In Hong Kong, where “One Country, Two Systems” is supposed to take place, we already see attempts to implement mass surveillance over Hongkongers. 50 multi-functional smart lampposts, equipped with cameras and other technologies, are being installed. In a recent protest, few of them are being pulled down. It was found that the chips that power the lamp posts are manufactured by a Chinese company that is actively involved in the surveillance scheme in China.
In my experience, the key to battling state surveillance is education and raising awareness. To be honest, learning the protocols or learning about how to use PGP, 2FA is not hard at all. You can easily find trustworthy tutorial online in mere clicks. What is hard is how do you use it consistently, and make sure the others use it as well. If there is no awareness in a community for security, situations like the one who insisted on using PGP has no one to talk to on email, because nobody uses it. Teaching citizens how to use the technology is easy but persuading them to use it every day despite the trouble is the hardest thing.
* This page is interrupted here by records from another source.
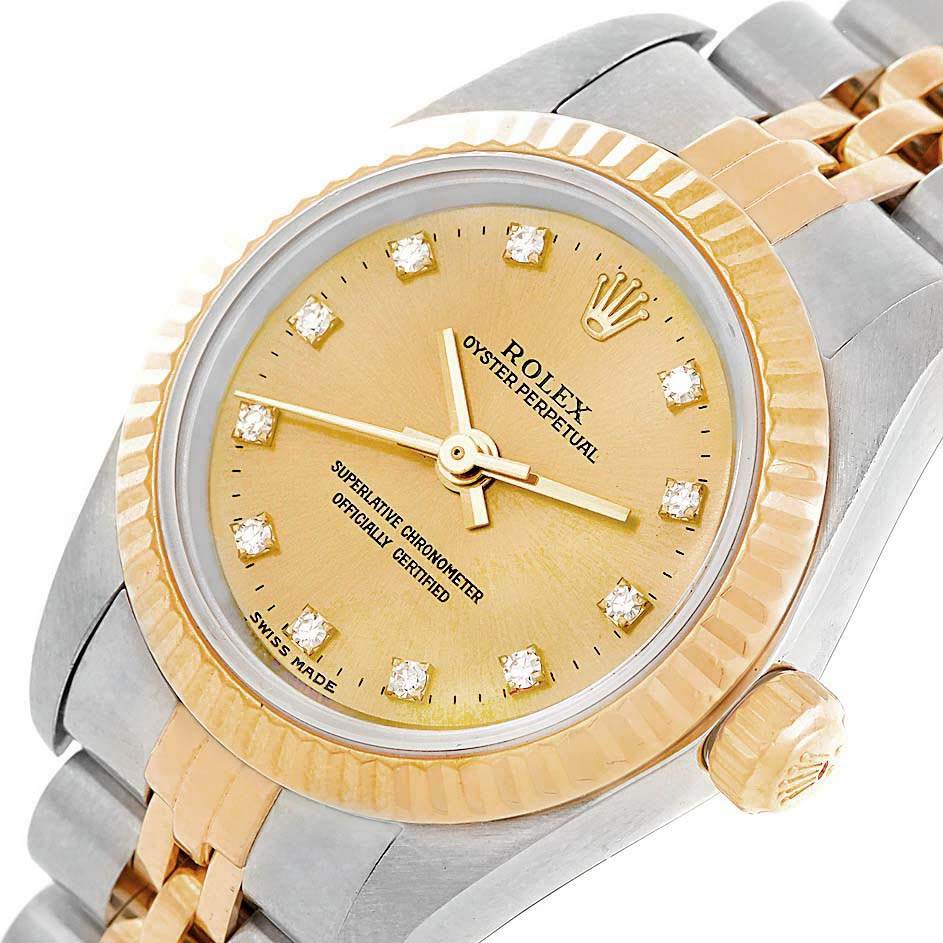The Rolex Oyster Perpetual 76193 Women
s Steel and Gold (two tone) Champagne Dial 76193 Women
s Steel and Gold (two tone) Champagne Dial watch is shown from a close-up front angle, displaying the face, bezel, crown, and bracelet.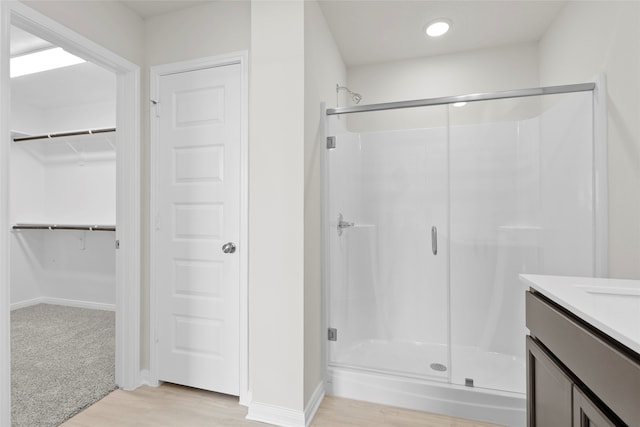 bathroom featuring hardwood / wood-style floors, vanity, and a shower with shower door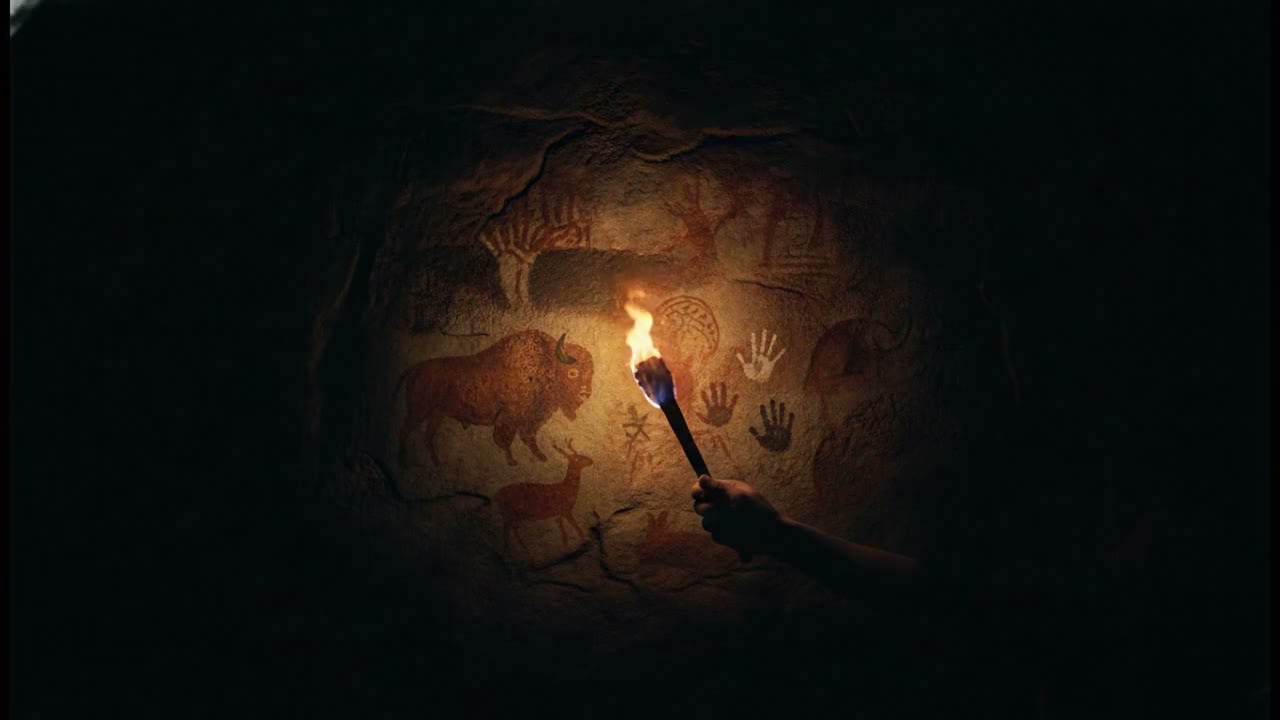 Uma tocha acesa ilumina a parede pintada da caverna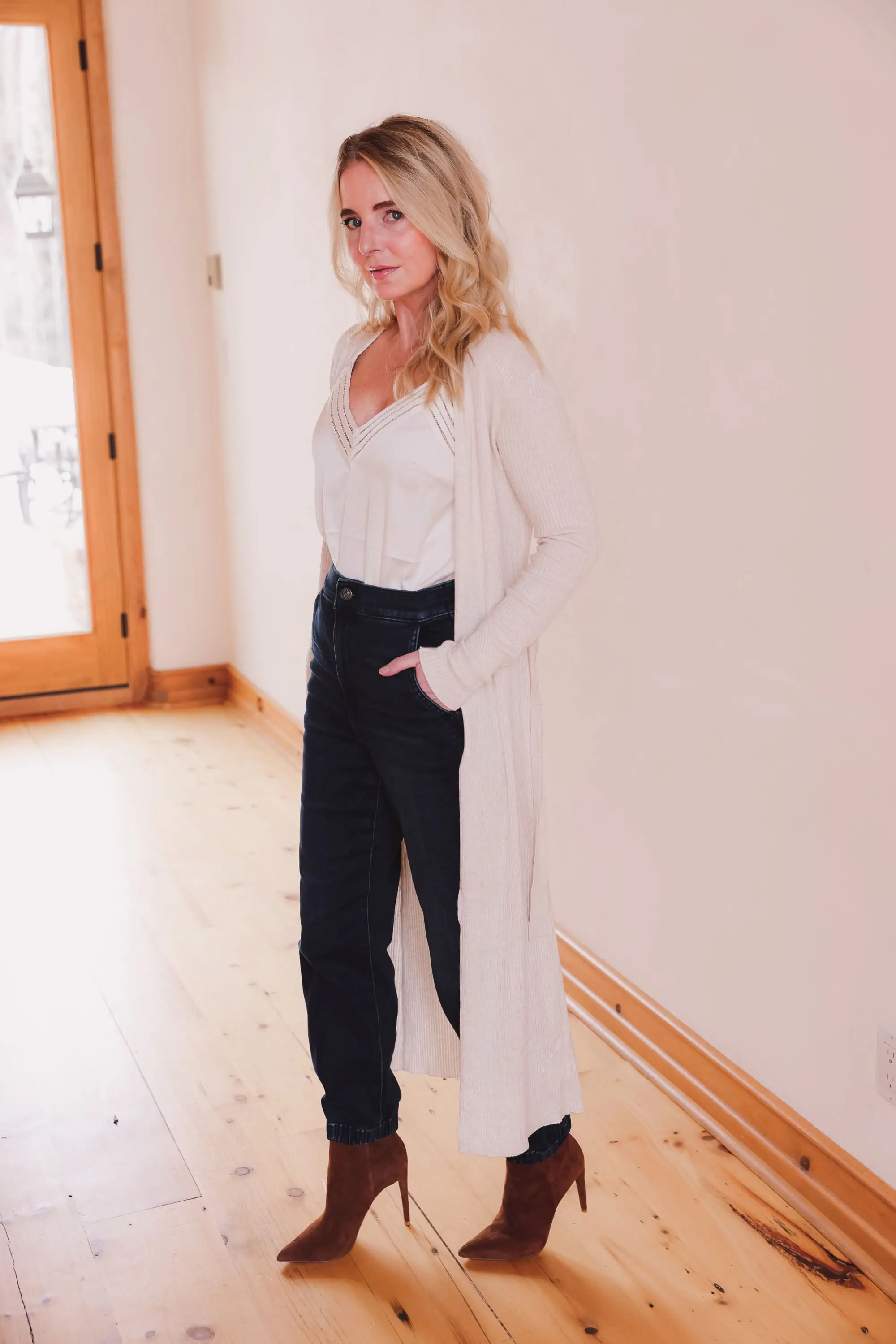 Express Sale, Erin Busbee of Busbee wearing denim joggers, a white satin cami, and long ribbed duster cardigan from Express with Steve Madden brown booties in Telluride, Colorado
Another thing that ought to protect us from state surveillance is laws and regulations. There are no regulations on data transmission from Hong Kong to China. Being capable of facial recognition, these lamp posts are accused of secretly gathering personal data of Hongkongers and sent them to China without our knowledge or consent. The mere fear of it happening will lead to Hongkongers changing their behavior, like wearing masks and hiding their identity with black-bloc to avoid troubles. Although there is no concrete proof for violations of privacy, China being a totalitarianism regime is known for its notorious human rights violations, the worries and fear of us are understandable. This fear of surveillance has already created a chilling effect on Hong Kong and hinders our freedom of assembly and freedom of speech. This might happen to Germany as well.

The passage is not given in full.